Starting at the line with "Hand-painted Shipwrecked Tiki" and stopping at the final line, retype the data below exactly; do not carry over any pictures.

*** Task input

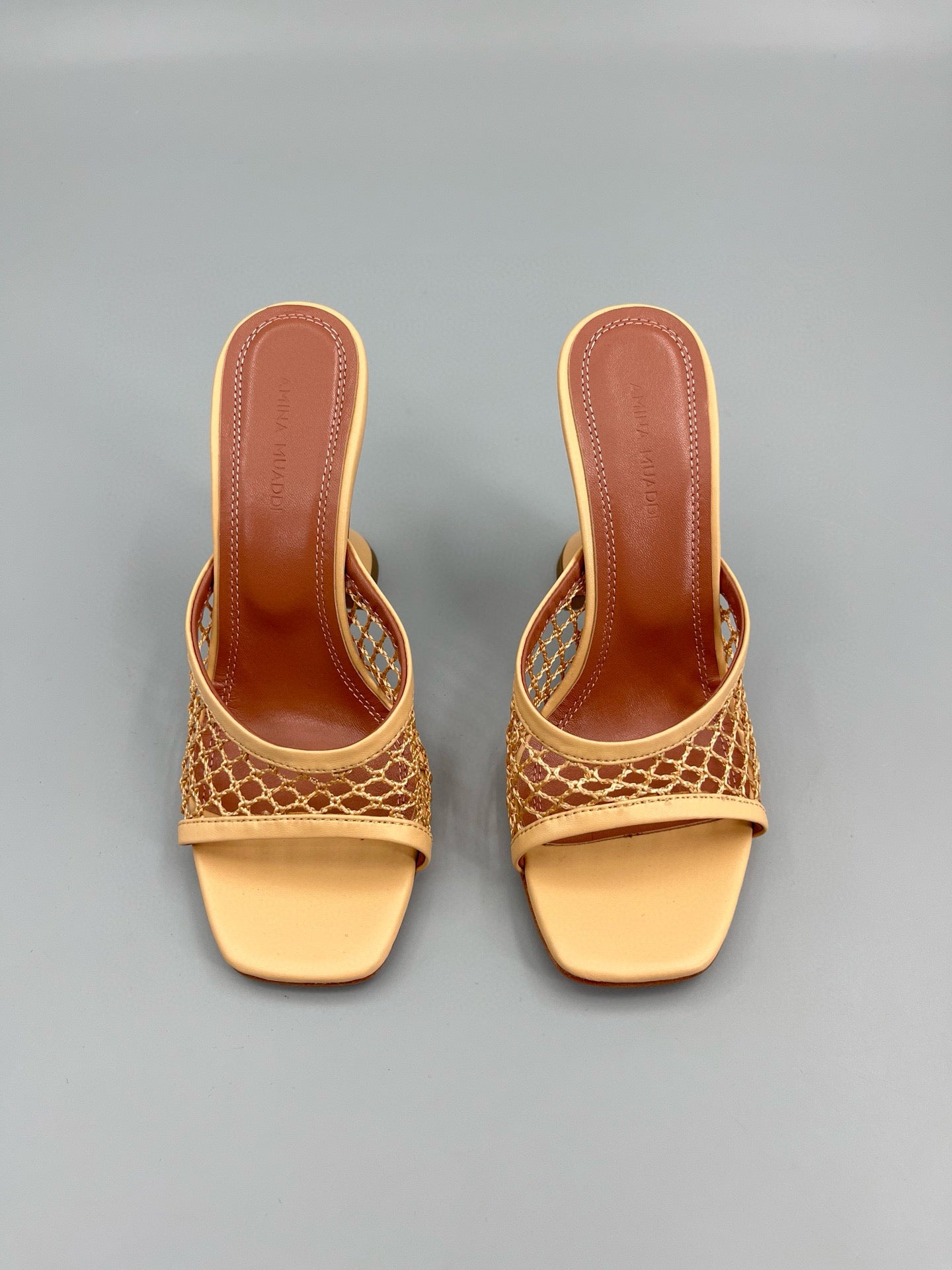 AMINA M HEELS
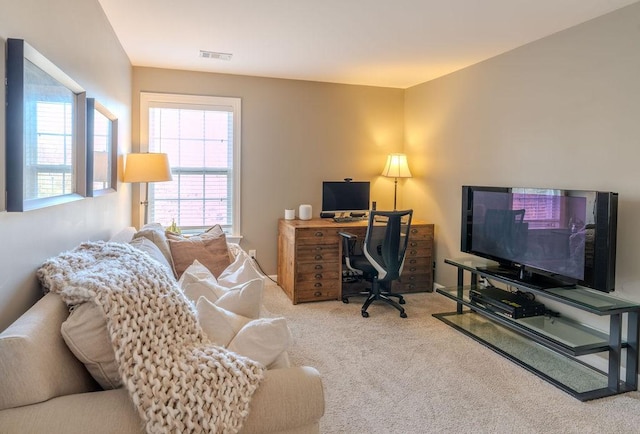 office space with visible vents and carpet floors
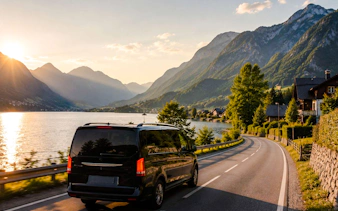 Van driving along a lakeside road with mountains near Hallstatt, Austria.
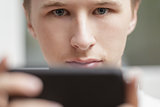 young man lokking in the screen of mobile phone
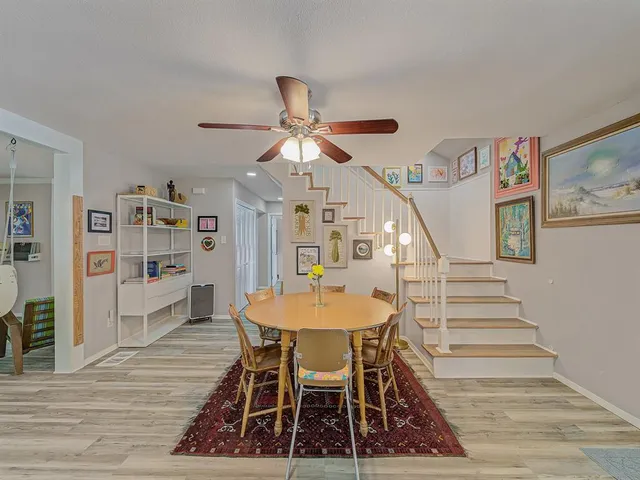 a dining room with furniture and wooden floor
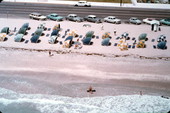 Colorful cabanas and swimmers on Miami Beach- Miami Beach, Florida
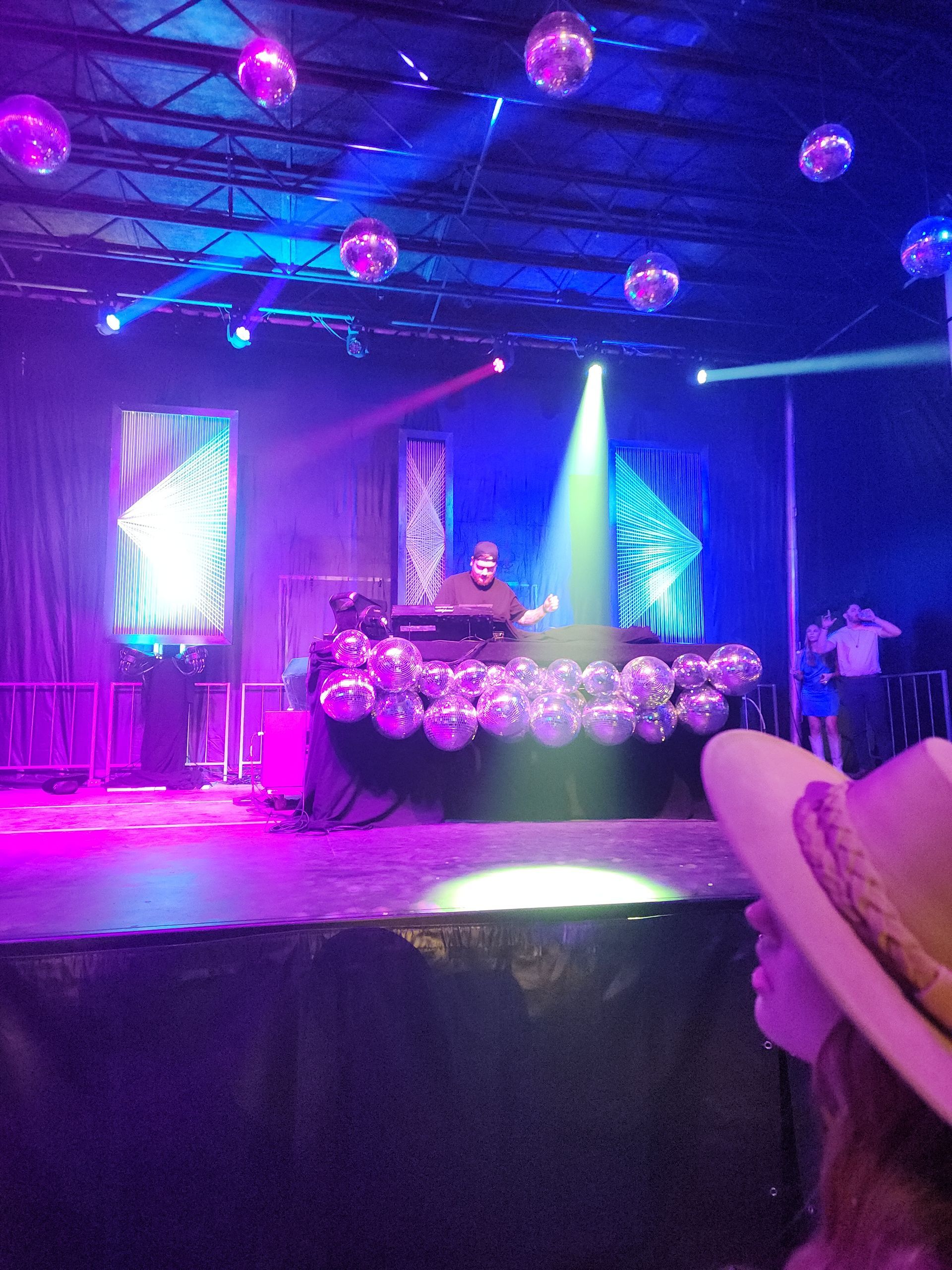 DJ on a neon-lit stage with pink and blue lights, disco balls, and a crowd in front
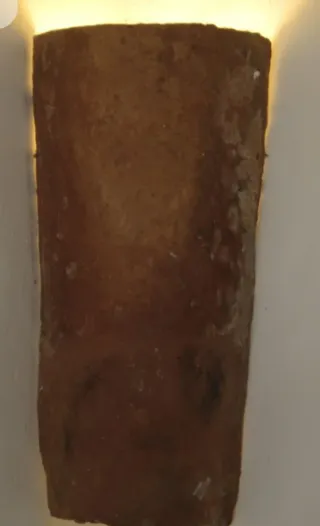 Teja antigua de barro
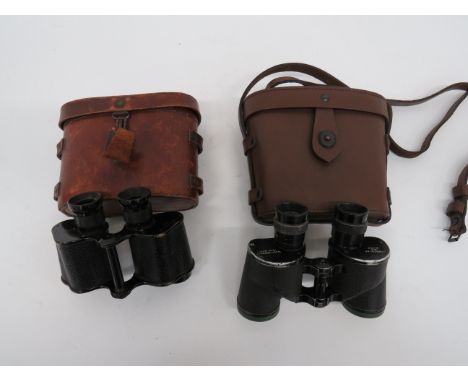 Two Pairs of British Pattern Binocularsconsisting pair of “W Watson &amp; Sons Ltd London” issue binoculars.  Large broad arr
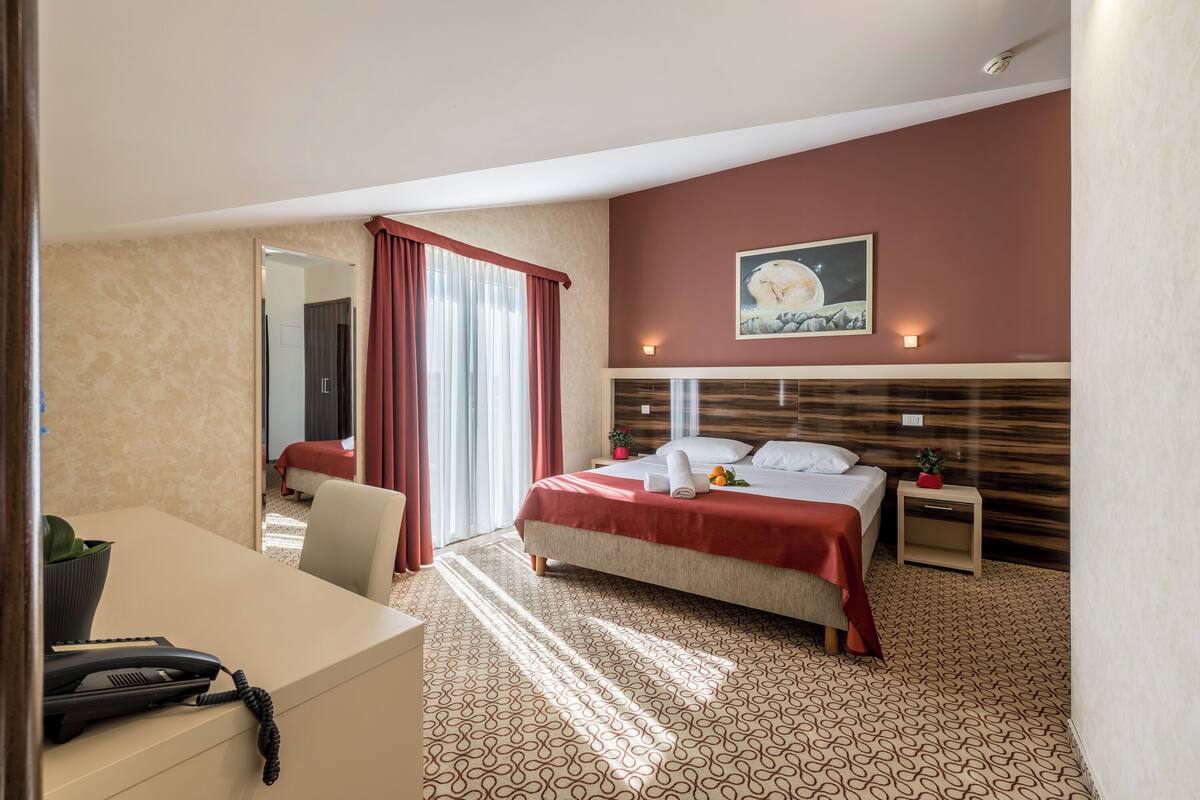 A hotel room with a bed, a desk with a telephone, a nightstand with a lamp, and a painting on the wall.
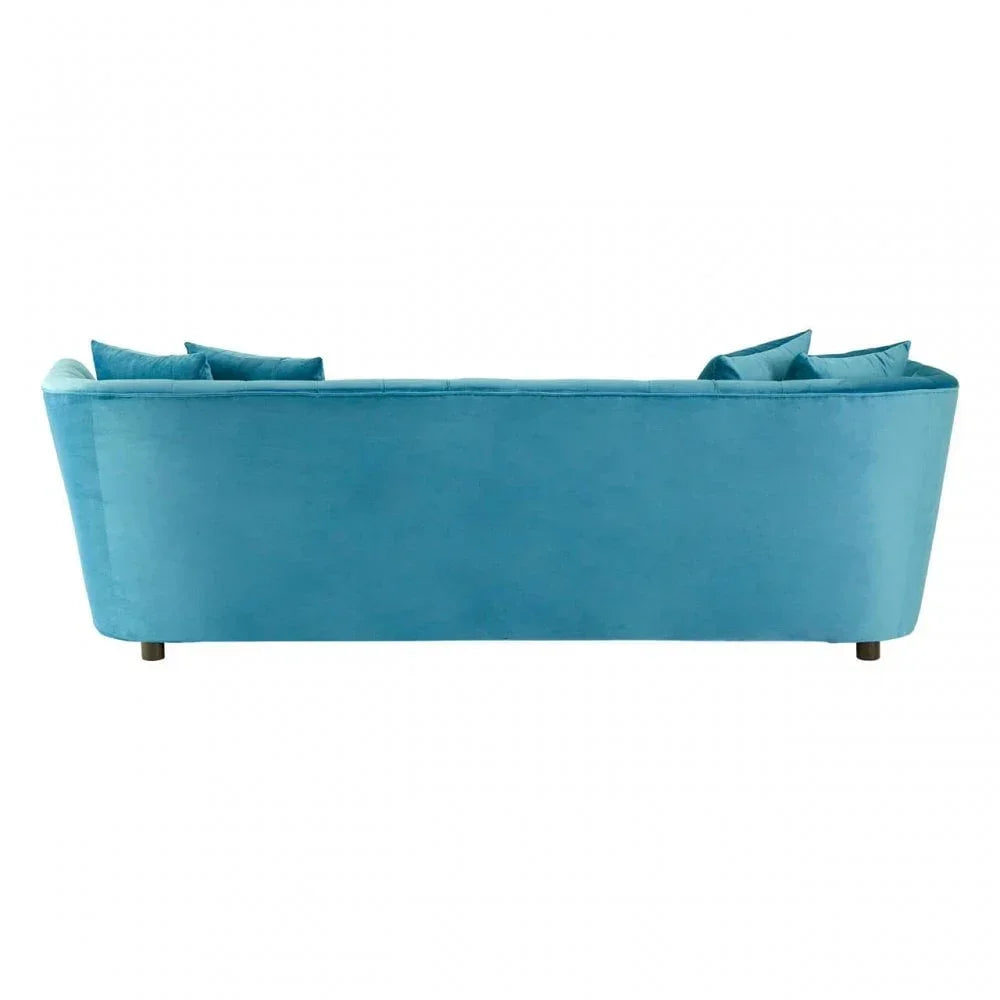 Back view of teal velvet sofa with angled arms and matching throw cushions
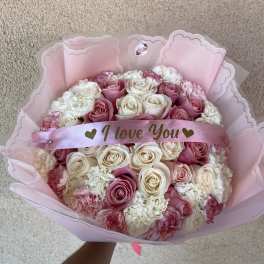 Pink and white rose bouquet with a satin "I love You" ribbon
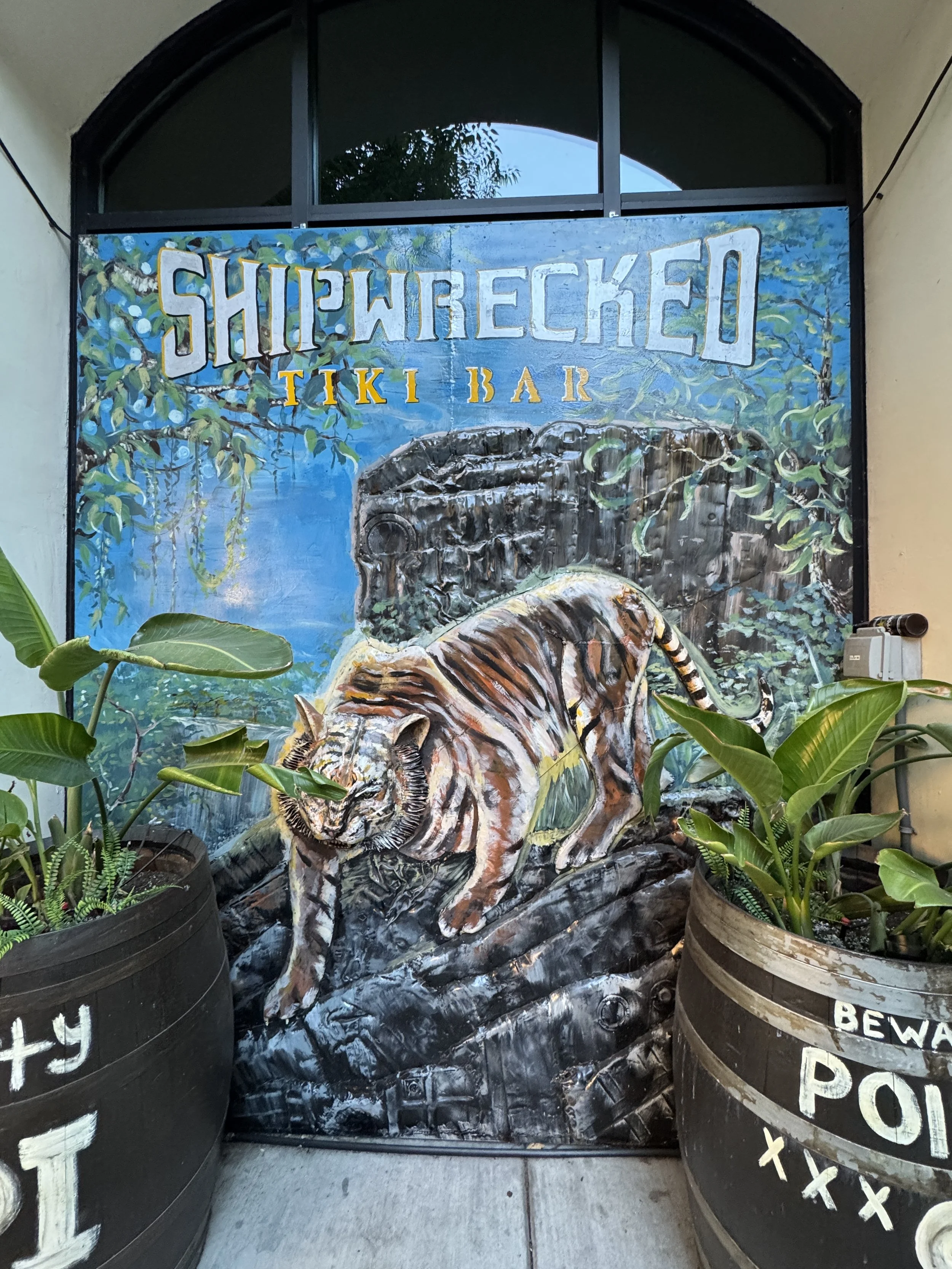 Hand-painted Shipwrecked Tiki Bar entrance display featuring a tiger, tropical plants, and barrels.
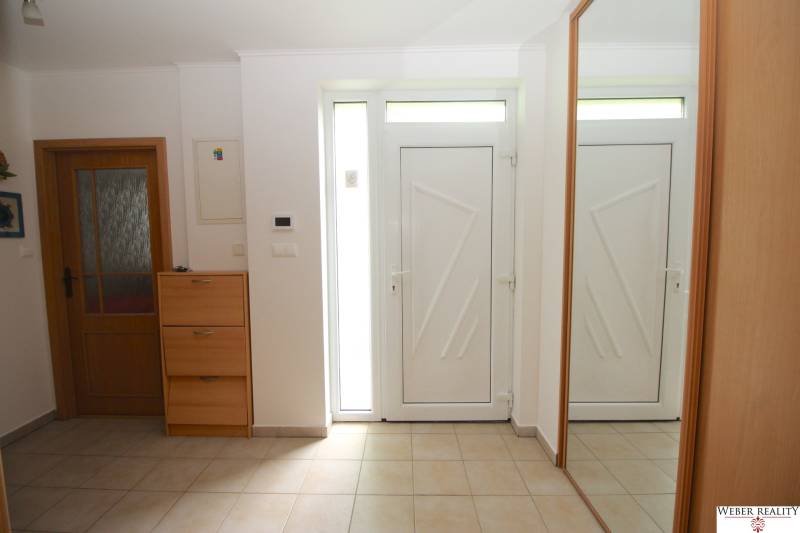 The entrance hall of a family house with white doors, a mirror, and a wooden shoe cabinet.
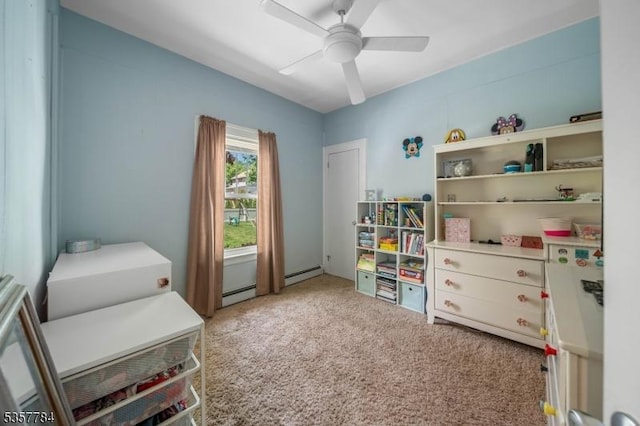 40 Laura Ave, Nutley Twp, NJ 07110 - rec room with a baseboard radiator, a ceiling fan, and carpet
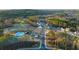 Aerial shot of a new construction community featuring a pool and tennis courts at 1868 Lacebark Elm Way, Lawrenceville, GA 30045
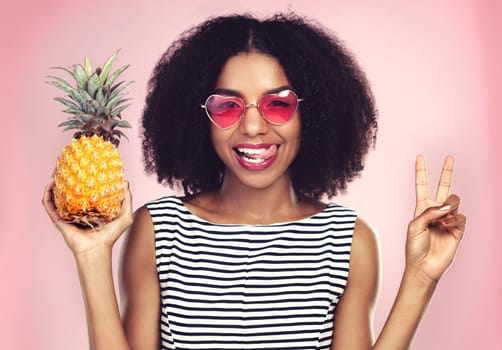 Peace sign, portrait and black woman with pineapple, studio or detox on pink background. Health, nutrition and gut digestion for weight loss and vitamins for female model, vegan and vitamin for fiber.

******

» **Reply to the task**
 Hand-painted Shipwrecked Tiki Bar entrance display featuring a tiger, tropical plants, and barrels.
 The entrance hall of a family house with white doors, a mirror, and a wooden shoe cabinet.
 40 Laura Ave, Nutley Twp, NJ 07110 - rec room with a baseboard radiator, a ceiling fan, and carpet
 Aerial shot of a new construction community featuring a pool and tennis courts at 1868 Lacebark Elm Way, Lawrenceville, GA 30045
 Peace sign, portrait and black woman with pineapple, studio or detox on pink background. Health, nutrition and gut digestion for weight loss and vitamins for female model, vegan and vitamin for fiber.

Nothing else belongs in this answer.